Jump to navigation Jump to search
Parameters Probability density function${\displaystyle \sigma =1}$ Cumulative distribution function${\displaystyle \sigma =1}$ ${\displaystyle \sigma >0}$ — (scale) ${\displaystyle x\in [0,\infty )}$ ${\displaystyle f(x;\sigma )={\frac {\sqrt {2}}{\sigma {\sqrt {\pi }}}}\exp \left(-{\frac {x^{2}}{2\sigma ^{2}}}\right)\quad x>0}$ ${\displaystyle F(x;\sigma )=\operatorname {erf} \left({\frac {x}{\sigma {\sqrt {2}}}}\right)}$ ${\displaystyle Q(F;\sigma )=\sigma {\sqrt {2}}\operatorname {erf} ^{-1}(F)}$ ${\displaystyle {\frac {\sigma {\sqrt {2}}}{\sqrt {\pi }}}}$ ${\displaystyle \sigma {\sqrt {2}}\operatorname {erf} ^{-1}(1/2)}$ ${\displaystyle 0}$ ${\displaystyle \sigma ^{2}\left(1-{\frac {2}{\pi }}\right)}$ ${\displaystyle {\frac {{\sqrt {2}}(4-\pi )}{(\pi -2)^{3/2}}}\approx 0.9952717}$ ${\displaystyle {\frac {8(\pi -3)}{(\pi -2)^{2}}}\approx 0.869177}$ ${\displaystyle {\frac {1}{2}}\log _{2}\left(2\pi e\sigma ^{2}\right)-1}$

In probability theory and statistics, the half-normal distribution is a special case of the folded normal distribution.

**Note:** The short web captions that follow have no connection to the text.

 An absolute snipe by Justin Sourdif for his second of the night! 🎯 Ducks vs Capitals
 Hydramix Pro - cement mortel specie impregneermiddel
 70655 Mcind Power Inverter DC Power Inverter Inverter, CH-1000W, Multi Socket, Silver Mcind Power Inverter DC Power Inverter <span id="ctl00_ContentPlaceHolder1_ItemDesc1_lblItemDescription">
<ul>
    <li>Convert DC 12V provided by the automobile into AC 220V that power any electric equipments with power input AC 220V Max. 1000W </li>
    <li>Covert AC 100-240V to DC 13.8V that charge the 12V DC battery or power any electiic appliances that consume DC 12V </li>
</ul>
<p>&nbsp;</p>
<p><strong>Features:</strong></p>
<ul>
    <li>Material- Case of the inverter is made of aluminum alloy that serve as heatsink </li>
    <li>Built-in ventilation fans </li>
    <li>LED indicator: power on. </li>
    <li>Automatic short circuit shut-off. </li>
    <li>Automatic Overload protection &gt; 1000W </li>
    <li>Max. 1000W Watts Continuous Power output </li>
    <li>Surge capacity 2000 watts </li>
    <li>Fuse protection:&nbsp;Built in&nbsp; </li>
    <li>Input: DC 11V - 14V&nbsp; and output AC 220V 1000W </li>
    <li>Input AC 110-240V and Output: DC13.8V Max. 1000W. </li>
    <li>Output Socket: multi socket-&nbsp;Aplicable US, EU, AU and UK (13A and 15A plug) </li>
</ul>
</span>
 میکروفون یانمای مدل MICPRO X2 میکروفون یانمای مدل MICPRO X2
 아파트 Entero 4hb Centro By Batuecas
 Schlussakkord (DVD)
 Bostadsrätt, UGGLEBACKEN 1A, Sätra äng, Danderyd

Let ${\displaystyle X}$ follow an ordinary normal distribution, ${\displaystyle N(0,\sigma ^{2})}$, then ${\displaystyle Y=|X|}$ follows a half-normal distribution. Thus, the half-normal distribution is a fold at the mean of an ordinary normal distribution with mean zero.

## Properties

Using the ${\displaystyle \sigma }$ parametrization of the normal distribution, the probability density function (PDF) of the half-normal is given by

${\displaystyle f_{Y}(y;\sigma )={\frac {\sqrt {2}}{\sigma {\sqrt {\pi }}}}\exp \left(-{\frac {y^{2}}{2\sigma ^{2}}}\right)\quad y\geq 0,}$

where ${\displaystyle E[Y]=\mu ={\frac {\sigma {\sqrt {2}}}{\sqrt {\pi }}}}$.

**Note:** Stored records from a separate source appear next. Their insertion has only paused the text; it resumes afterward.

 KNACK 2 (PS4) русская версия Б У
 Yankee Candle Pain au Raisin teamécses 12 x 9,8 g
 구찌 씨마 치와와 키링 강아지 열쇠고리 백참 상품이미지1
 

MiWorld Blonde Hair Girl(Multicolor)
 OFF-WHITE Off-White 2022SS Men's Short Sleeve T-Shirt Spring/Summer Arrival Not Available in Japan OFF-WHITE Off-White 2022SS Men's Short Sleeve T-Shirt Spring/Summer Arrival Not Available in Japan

Alternatively using a scaled precision (inverse of the variance) parametrization (to avoid issues if ${\displaystyle \sigma }$ is near zero), obtained by setting ${\displaystyle \theta ={\frac {\sqrt {\pi }}{\sigma {\sqrt {2}}}}}$, the probability density function is given by

${\displaystyle f_{Y}(y;\theta )={\frac {2\theta }{\pi }}\exp \left(-{\frac {y^{2}\theta ^{2}}{\pi }}\right)\quad y\geq 0,}$

where ${\displaystyle E[Y]=\mu ={\frac {1}{\theta }}}$.

The cumulative distribution function (CDF) is given by

${\displaystyle F_{Y}(y;\sigma )=\int _{0}^{y}{\frac {1}{\sigma }}{\sqrt {\frac {2}{\pi }}}\,\exp \left(-{\frac {x^{2}}{2\sigma ^{2}}}\right)\,dx}$

Using the change-of-variables ${\displaystyle z=x/({\sqrt {2}}\sigma )}$, the CDF can be written as

${\displaystyle F_{Y}(y;\sigma )={\frac {2}{\sqrt {\pi }}}\,\int _{0}^{y/({\sqrt {2}}\sigma )}\exp \left(-z^{2}\right)dz=\operatorname {erf} \left({\frac {y}{{\sqrt {2}}\sigma }}\right),}$

where erf is the error function, a standard function in many mathematical software packages.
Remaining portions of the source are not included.